While several French salads have reached iconic status, a definitive list would be impossible; there are thousands of variations on the theme of a cold dish bound together with an acidic or creamy dressing in the French repertoire. Several of the better-known salads such as Salade Nicoise and Salade Lyonnaise are regional specialties. Others are less well-known but equally tasty. In France, the salad course is usually served after the main course.
Salade verte simply means "green salad" in French. It is always a simple salad of greens -- mesclun, lettuce, watercress, even fresh and tender young dandelion greens can be used here. Snipped fresh herbs and croutons can be added, and perhaps a grated carrot, but the focus is on the green leaves. It's almost always dressed with a simple mustard vinaigrette.

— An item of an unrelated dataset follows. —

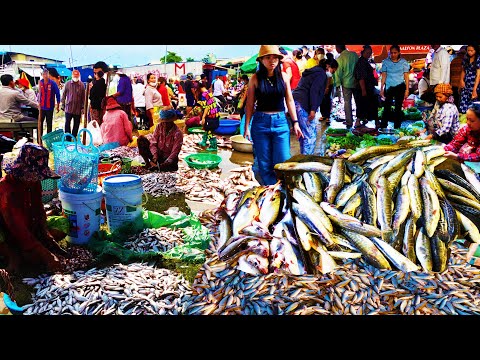 Food Rural TV, Cambodian Fish Market Show,  Busy Daily Life In Market & Food Market Scenes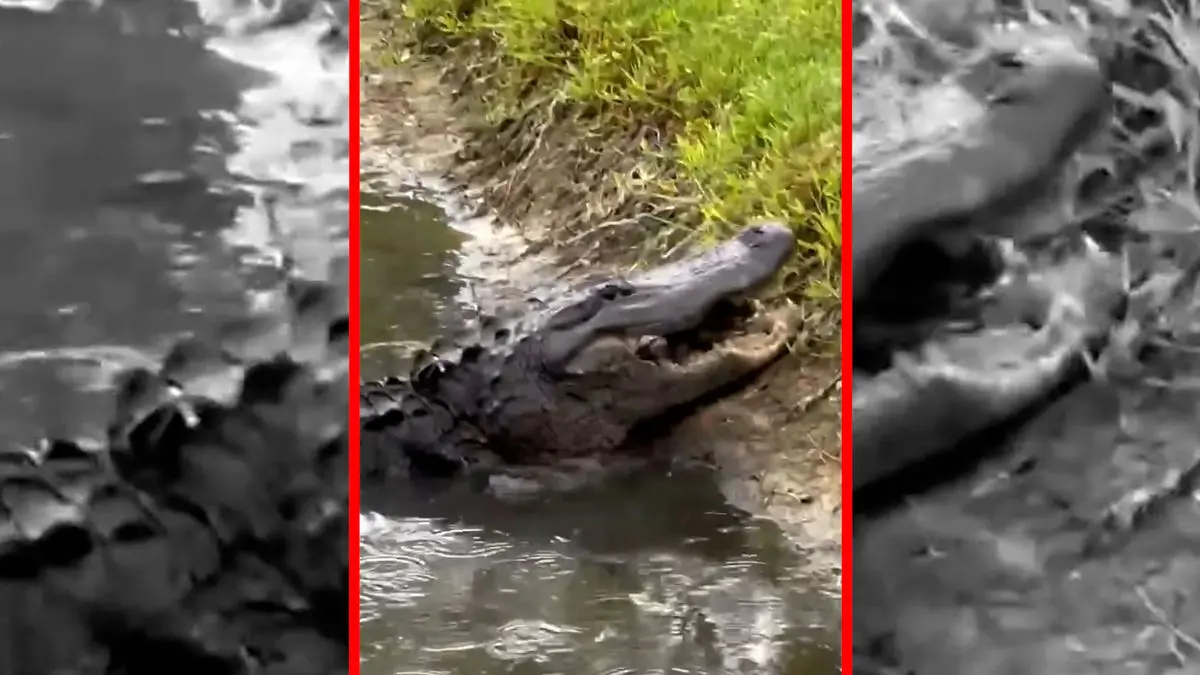 فیلم شکار خشن لاک پشت توسط تمساح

Salade Nicoise is the specialty of the Mediterranean port city of Nice. Salad Nicoise is a composed salad -- that is, instead of tossing the ingredients together in a jumble, each has a reserved spot on the plate. This salad traditionally consists of steamed green beans, wedges of hard-cooked egg, tomato wedges, chunks of oil-canned tuna, black olives and anchovies. Lettuce, boiled potatoes, chunks of beet or bell pepper, slices of cucumber and sliced radish can also be added; the salad is then dressed with a mustard vinaigrette. Nowadays fresh seared tuna is often substituted for the canned.
Salade Lyonnaise is a hearty bistro salad from Lyon. It consists of leaves of frisee and cubes or batons of unsmoked French bacon known as lardons dressed with a mustard vinaigrette and topped with a poached egg. The egg yolk, once broken, helps dress the salad. Sometimes other bitter greens such as arugula, escarole or dandelion are added to or substituted for the frisee.
Remoulade is a creamy sauce spiked with mustard and often incorporating capers or other pickles and herbs. In France, this is often used to dress fresh grated celery root to make a simple side salad known as celeri remoulade.
Salade de Carottes Rapee
Cookbook author David Lebovitz has declared that grated carrot salad, or salade de carottes rapee, should be considered one of the top five national dishes of France, so ubiquitous is it. This salad consists of grated raw carrot and chopped parsley dressed with olive oil and lemon juice. Thanks to the influence of North African immigrants, variants of this carrot salad incorporate a pinch of cumin, cinnamon and/or other warm spices. For another French colonial fusion, use lime juice in place of lemon to take it in the direction of a Vietnamese-flavored dish.